きりん:まあ、もともと「心原性肺水腫+ARDS」群と「心原性肺水腫のないARDS」群という、区別しているのかどうかわからない分け方ですからね。
かわうそ:そうですね。区別できていないですよね。たまたまみつけて、喜び勇んで読み始めた割には、ちょっともやもやする論文でした。
でも、久しぶりにケースレポートとか総説でなくて原著論文を読みましたよ。
きりん:題名とAbstractは罪ですね。騙されますよね。
かわうそ:肺エコーをしよう!と意気込んで読んでみたら、結局身体所見でよくない?とか言われてますし。
かば:映画の予告編が一番おもしろかったような感じですね。
でも、読んでいなかったのでありがとうございました。B lineっていうのも久々です。

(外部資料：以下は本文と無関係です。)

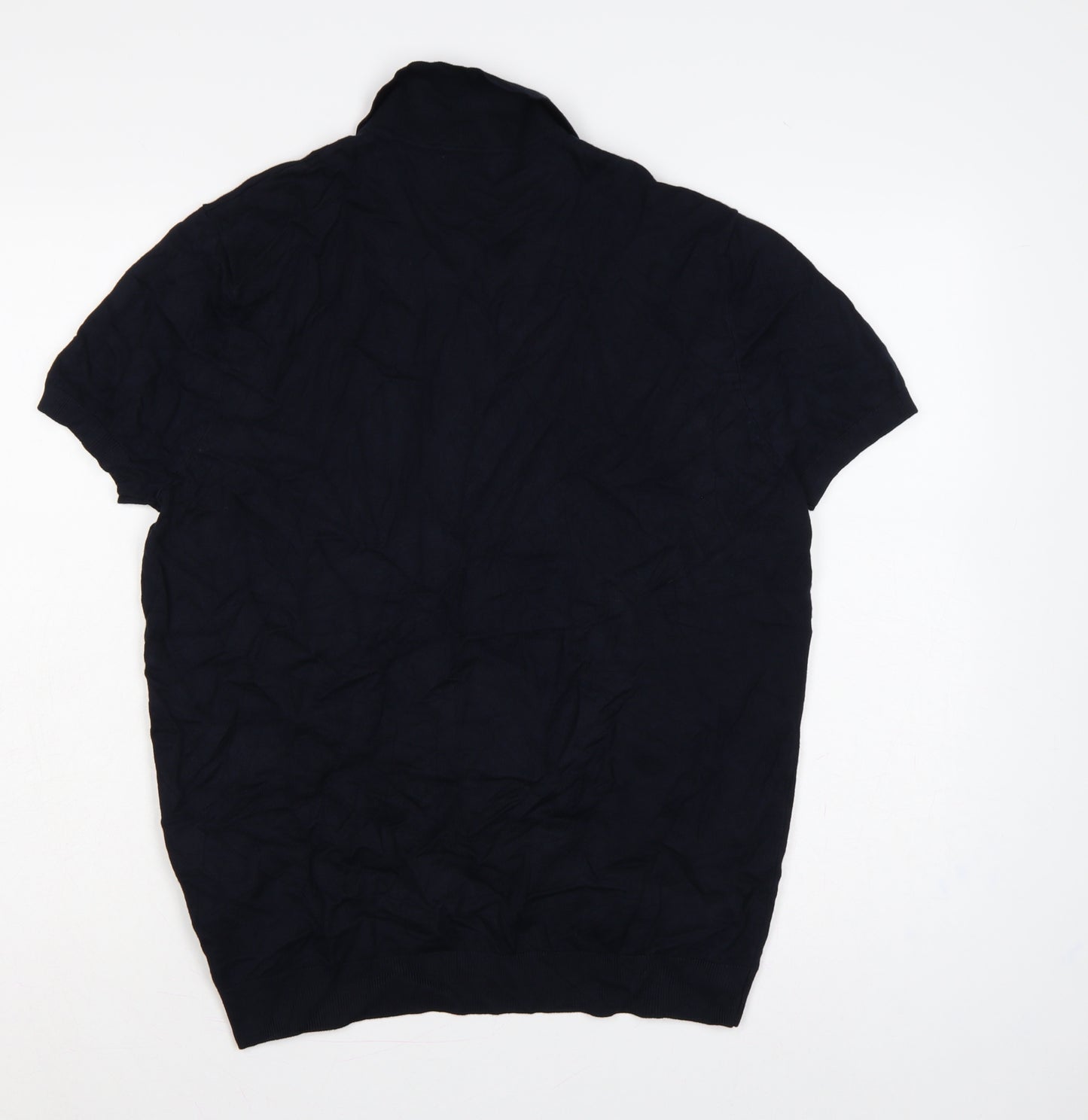 Zara Men’s Black XL Viscose Blend Short Sleeve Knit Polo Shirt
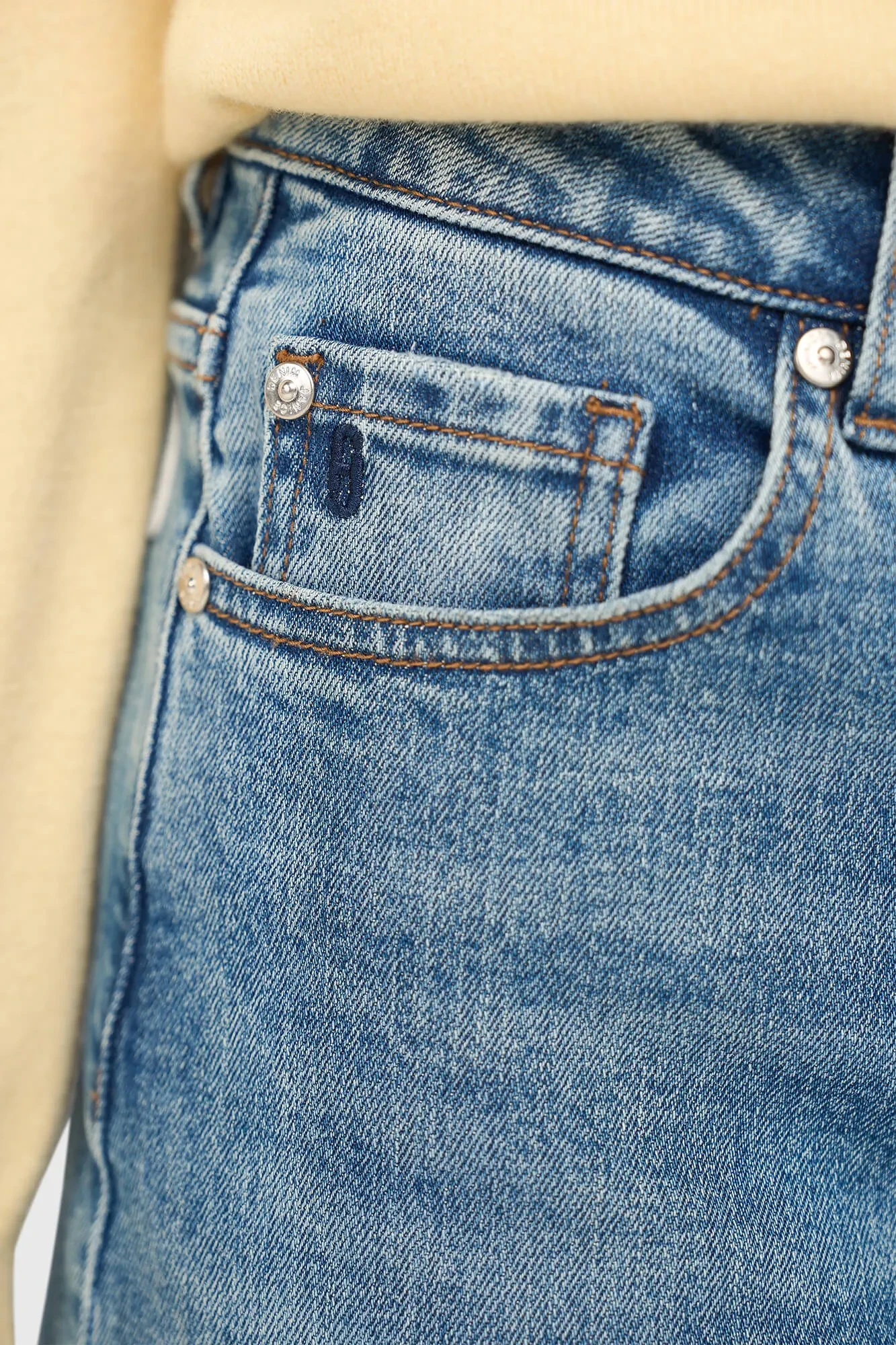 Damenjeans mit weitem Bein, hoher Leibhöhe und Stretch, Mason, Blau, 379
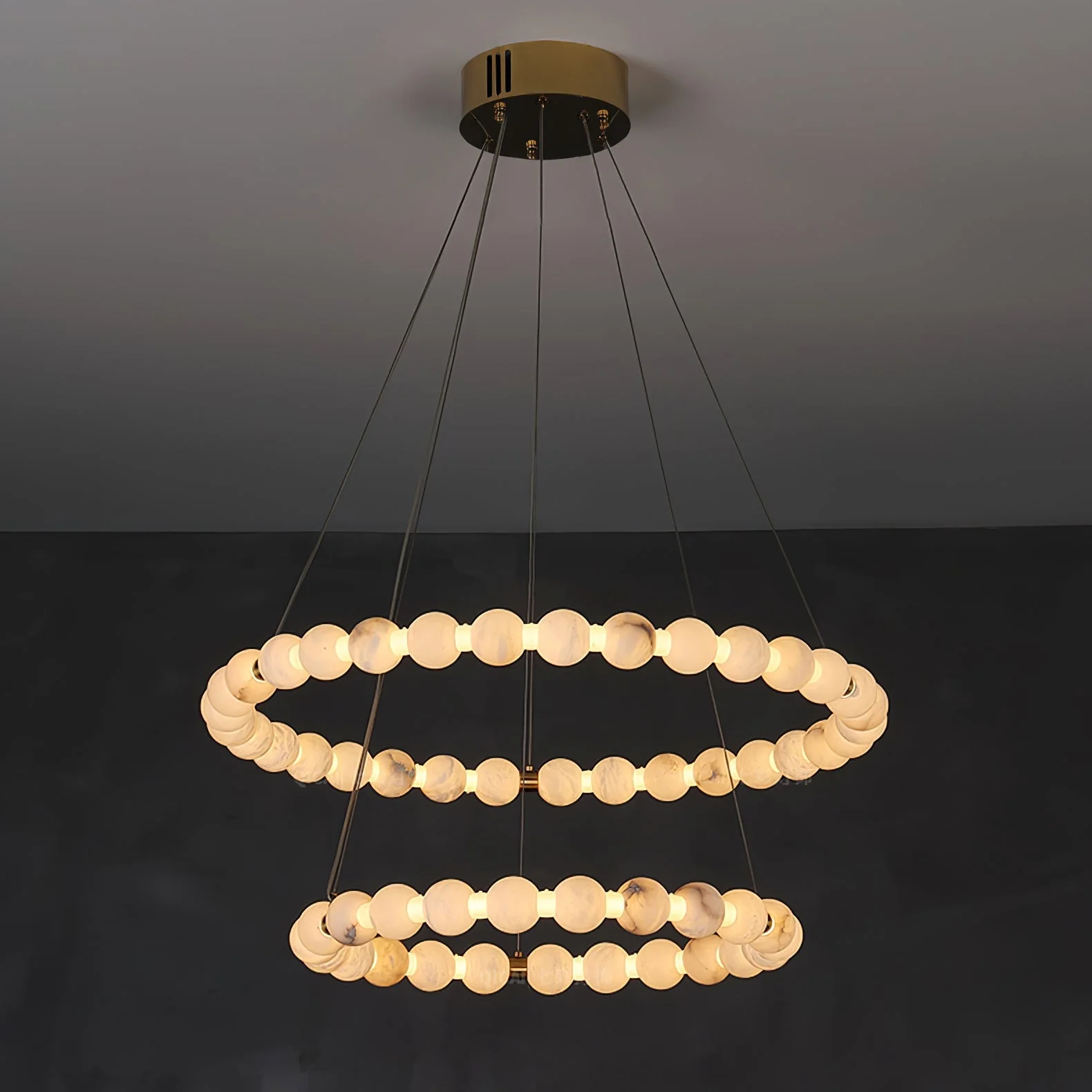 Alabaster Orb Ring Chandelier - Image 19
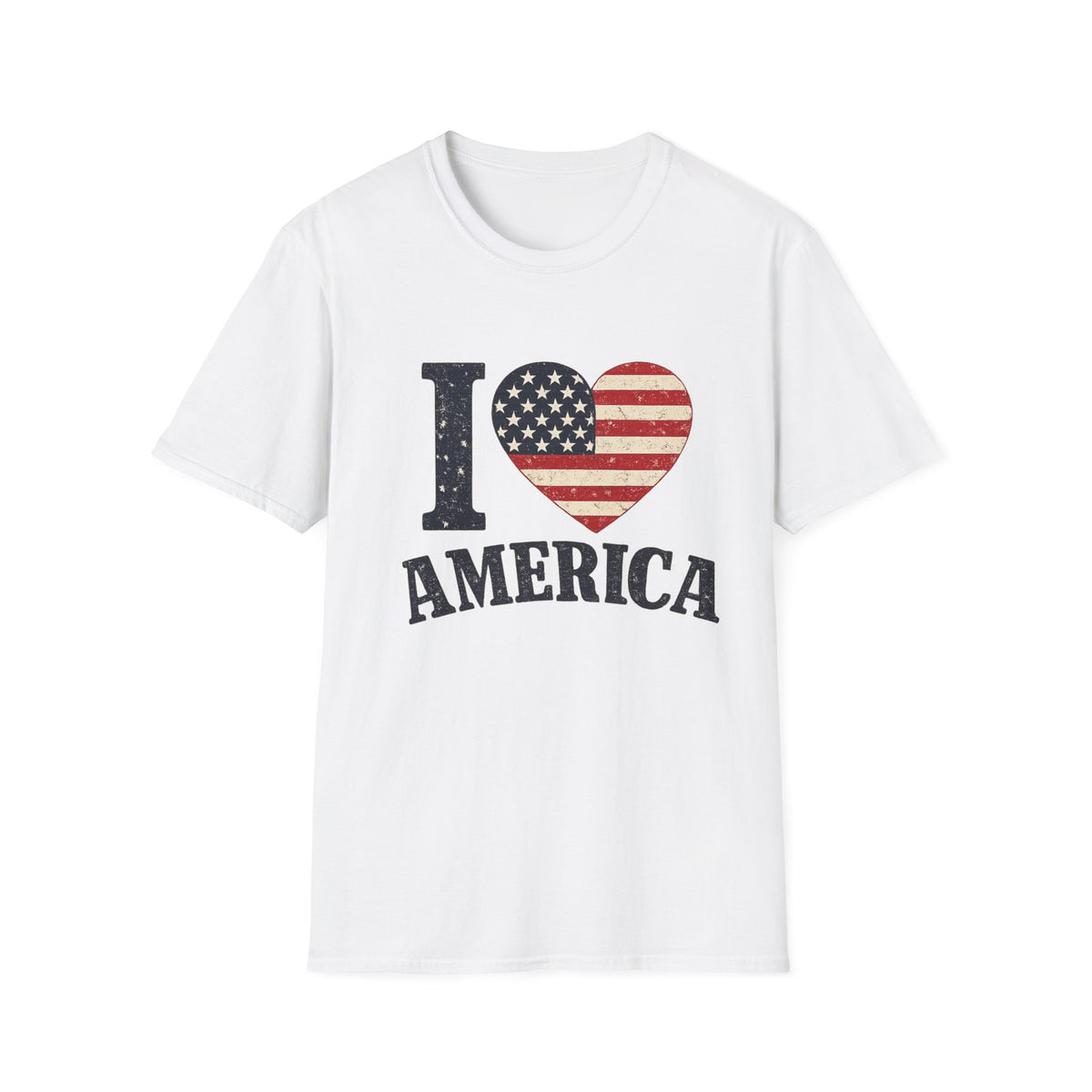 I Love America Patriotic T-Shirt | Vintage USA Flag Heart Tee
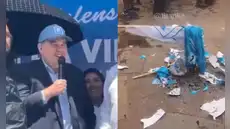 Elecciones 2026: reciben con huevos a López Aliaga en Andahuaylas y queman su propaganda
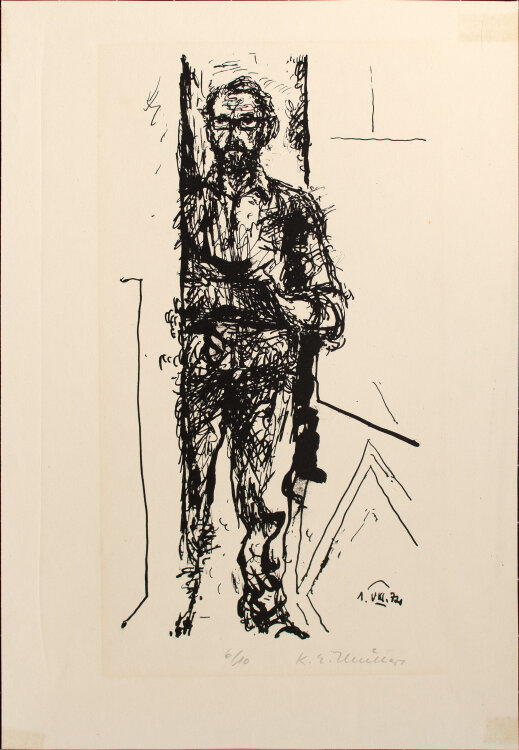 Karl Erich Müller - Selbst im Raum - 1950er Jahre - Lithographie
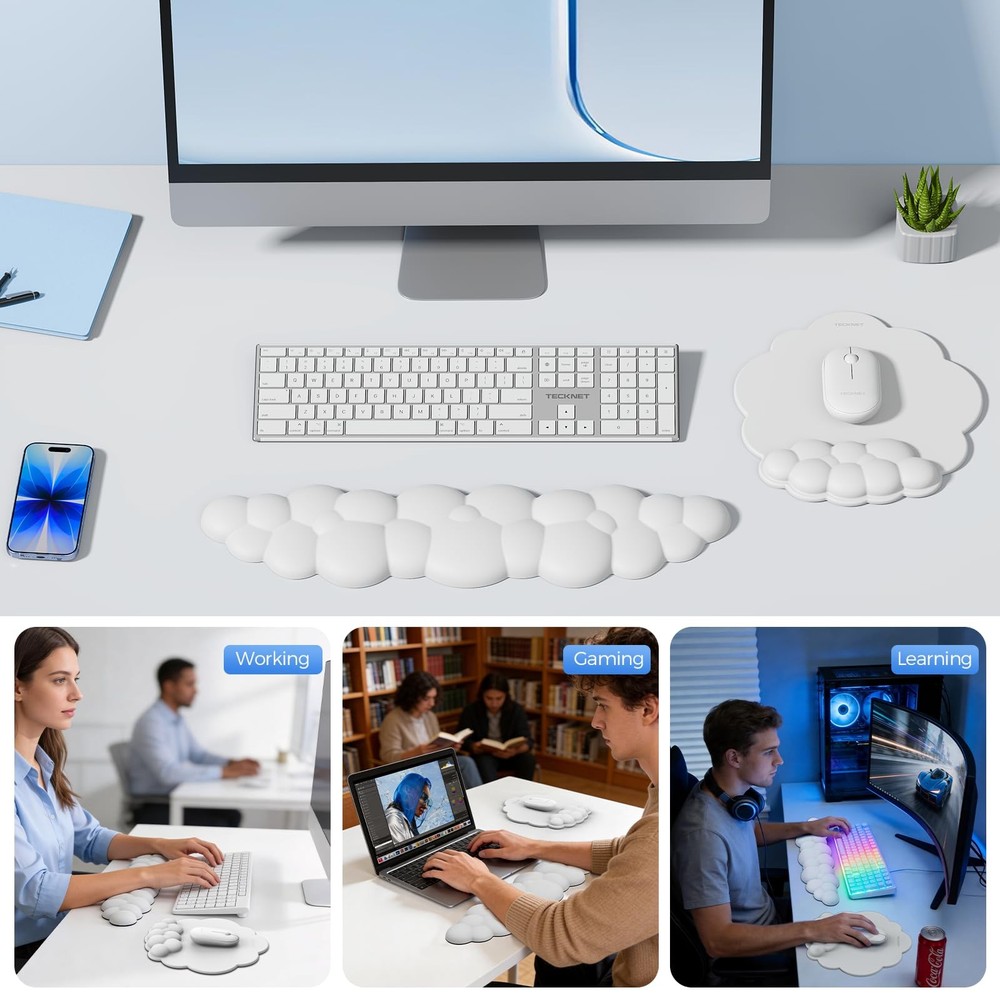 Cloud Mouse Pad with Wrist Rest, Ergonomic Cloud Wrist Rest with Non-Slip Bas...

かわうそ:これがあると肺の浸潤影と関係するんですね。
きりん:小葉間隔壁が肺の表面では7mm間隔なので、縦のラインが7mm間隔で見えるということ、3本以上見えるというのがB lineです。これがあると肺水腫とか、あと間質性肺炎の存在が疑われます。
かわうそ:そんなミリメートルのオーダーで戦うんですか…。やってみたいとは思いますが…。
かば:エコーの研究って、たいてい術者の熟練度に左右される、というリミテーションが付きますよね。
かわうそ:エコーあてて、きちんと所見を書いて練習していくしかないですよね。